Given the entries that follow, write out exactly the lines starting at the one containing "File:Gâteau d'anniversaire dans" and ending at the one containing "Gomme invernali 185/60/15 con cerchi", both ends included, and only those.

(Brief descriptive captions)

────────

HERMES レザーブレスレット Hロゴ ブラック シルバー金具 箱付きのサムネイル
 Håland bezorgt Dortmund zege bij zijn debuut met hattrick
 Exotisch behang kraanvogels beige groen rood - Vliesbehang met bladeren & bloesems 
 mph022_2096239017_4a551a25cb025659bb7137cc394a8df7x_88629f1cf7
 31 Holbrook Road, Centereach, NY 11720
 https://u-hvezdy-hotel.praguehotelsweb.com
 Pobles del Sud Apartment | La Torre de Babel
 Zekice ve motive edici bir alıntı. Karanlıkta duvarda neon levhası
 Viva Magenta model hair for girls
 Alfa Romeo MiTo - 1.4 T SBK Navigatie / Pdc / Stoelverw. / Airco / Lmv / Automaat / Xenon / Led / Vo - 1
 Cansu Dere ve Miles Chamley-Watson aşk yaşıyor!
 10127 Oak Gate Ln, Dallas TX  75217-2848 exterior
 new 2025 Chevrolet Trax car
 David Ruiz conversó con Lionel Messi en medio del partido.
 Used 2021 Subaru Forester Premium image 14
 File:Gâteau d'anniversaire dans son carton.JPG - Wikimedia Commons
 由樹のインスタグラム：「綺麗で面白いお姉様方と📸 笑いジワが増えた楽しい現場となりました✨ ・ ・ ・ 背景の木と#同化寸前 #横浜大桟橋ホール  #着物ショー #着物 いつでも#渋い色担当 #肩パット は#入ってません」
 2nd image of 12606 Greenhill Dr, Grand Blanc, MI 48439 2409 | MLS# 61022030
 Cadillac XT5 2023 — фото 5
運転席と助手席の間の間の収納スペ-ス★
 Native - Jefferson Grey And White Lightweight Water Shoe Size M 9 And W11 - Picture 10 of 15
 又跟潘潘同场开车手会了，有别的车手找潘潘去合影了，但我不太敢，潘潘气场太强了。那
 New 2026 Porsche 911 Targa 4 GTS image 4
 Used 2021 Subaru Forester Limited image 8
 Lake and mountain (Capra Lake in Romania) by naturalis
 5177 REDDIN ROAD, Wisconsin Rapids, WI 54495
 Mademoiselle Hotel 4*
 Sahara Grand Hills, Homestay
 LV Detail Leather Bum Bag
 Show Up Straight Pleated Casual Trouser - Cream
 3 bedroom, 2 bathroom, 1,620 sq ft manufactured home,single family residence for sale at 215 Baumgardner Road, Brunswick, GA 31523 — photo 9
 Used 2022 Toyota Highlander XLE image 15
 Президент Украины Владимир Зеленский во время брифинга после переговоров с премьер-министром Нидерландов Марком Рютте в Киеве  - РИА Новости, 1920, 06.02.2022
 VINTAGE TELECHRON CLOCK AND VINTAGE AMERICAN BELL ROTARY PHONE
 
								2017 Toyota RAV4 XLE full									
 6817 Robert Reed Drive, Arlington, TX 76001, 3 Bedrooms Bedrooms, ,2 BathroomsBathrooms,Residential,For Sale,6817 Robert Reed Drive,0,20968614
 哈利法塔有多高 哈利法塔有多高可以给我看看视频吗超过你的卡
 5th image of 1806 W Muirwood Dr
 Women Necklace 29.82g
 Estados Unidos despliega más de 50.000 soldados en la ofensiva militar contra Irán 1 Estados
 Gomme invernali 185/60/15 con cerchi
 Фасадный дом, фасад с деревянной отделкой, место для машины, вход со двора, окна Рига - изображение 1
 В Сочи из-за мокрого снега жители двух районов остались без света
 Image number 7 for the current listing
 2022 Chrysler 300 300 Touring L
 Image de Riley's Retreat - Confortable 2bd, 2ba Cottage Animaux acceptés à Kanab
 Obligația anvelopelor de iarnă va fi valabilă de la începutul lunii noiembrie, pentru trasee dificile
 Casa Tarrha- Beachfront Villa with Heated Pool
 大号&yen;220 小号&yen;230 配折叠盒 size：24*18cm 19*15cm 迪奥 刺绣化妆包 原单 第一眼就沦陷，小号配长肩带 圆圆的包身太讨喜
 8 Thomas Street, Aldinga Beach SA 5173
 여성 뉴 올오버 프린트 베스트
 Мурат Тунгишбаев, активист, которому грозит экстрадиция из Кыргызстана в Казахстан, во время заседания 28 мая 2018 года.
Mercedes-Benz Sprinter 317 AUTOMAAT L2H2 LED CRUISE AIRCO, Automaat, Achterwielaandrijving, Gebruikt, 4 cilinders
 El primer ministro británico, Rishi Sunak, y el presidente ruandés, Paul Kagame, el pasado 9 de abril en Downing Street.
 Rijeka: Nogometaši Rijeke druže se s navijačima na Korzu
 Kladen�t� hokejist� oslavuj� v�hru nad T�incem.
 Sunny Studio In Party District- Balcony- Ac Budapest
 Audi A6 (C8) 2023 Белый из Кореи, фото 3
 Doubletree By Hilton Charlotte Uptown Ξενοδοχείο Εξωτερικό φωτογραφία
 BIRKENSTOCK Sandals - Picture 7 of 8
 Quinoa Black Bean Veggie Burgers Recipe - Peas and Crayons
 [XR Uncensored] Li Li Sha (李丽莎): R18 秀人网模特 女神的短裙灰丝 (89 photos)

────────

→ Response below:
 File:Gâteau d'anniversaire dans son carton.JPG - Wikimedia Commons
 由樹のインスタグラム：「綺麗で面白いお姉様方と📸 笑いジワが増えた楽しい現場となりました✨ ・ ・ ・ 背景の木と#同化寸前 #横浜大桟橋ホール  #着物ショー #着物 いつでも#渋い色担当 #肩パット は#入ってません」
 2nd image of 12606 Greenhill Dr, Grand Blanc, MI 48439 2409 | MLS# 61022030
 Cadillac XT5 2023 — фото 5
運転席と助手席の間の間の収納スペ-ス★
 Native - Jefferson Grey And White Lightweight Water Shoe Size M 9 And W11 - Picture 10 of 15
 又跟潘潘同场开车手会了，有别的车手找潘潘去合影了，但我不太敢，潘潘气场太强了。那
 New 2026 Porsche 911 Targa 4 GTS image 4
 Used 2021 Subaru Forester Limited image 8
 Lake and mountain (Capra Lake in Romania) by naturalis
 5177 REDDIN ROAD, Wisconsin Rapids, WI 54495
 Mademoiselle Hotel 4*
 Sahara Grand Hills, Homestay
 LV Detail Leather Bum Bag
 Show Up Straight Pleated Casual Trouser - Cream
 3 bedroom, 2 bathroom, 1,620 sq ft manufactured home,single family residence for sale at 215 Baumgardner Road, Brunswick, GA 31523 — photo 9
 Used 2022 Toyota Highlander XLE image 15
 Президент Украины Владимир Зеленский во время брифинга после переговоров с премьер-министром Нидерландов Марком Рютте в Киеве  - РИА Новости, 1920, 06.02.2022
 VINTAGE TELECHRON CLOCK AND VINTAGE AMERICAN BELL ROTARY PHONE
 
								2017 Toyota RAV4 XLE full									
 6817 Robert Reed Drive, Arlington, TX 76001, 3 Bedrooms Bedrooms, ,2 BathroomsBathrooms,Residential,For Sale,6817 Robert Reed Drive,0,20968614
 哈利法塔有多高 哈利法塔有多高可以给我看看视频吗超过你的卡
 5th image of 1806 W Muirwood Dr
 Women Necklace 29.82g
 Estados Unidos despliega más de 50.000 soldados en la ofensiva militar contra Irán 1 Estados
 Gomme invernali 185/60/15 con cerchi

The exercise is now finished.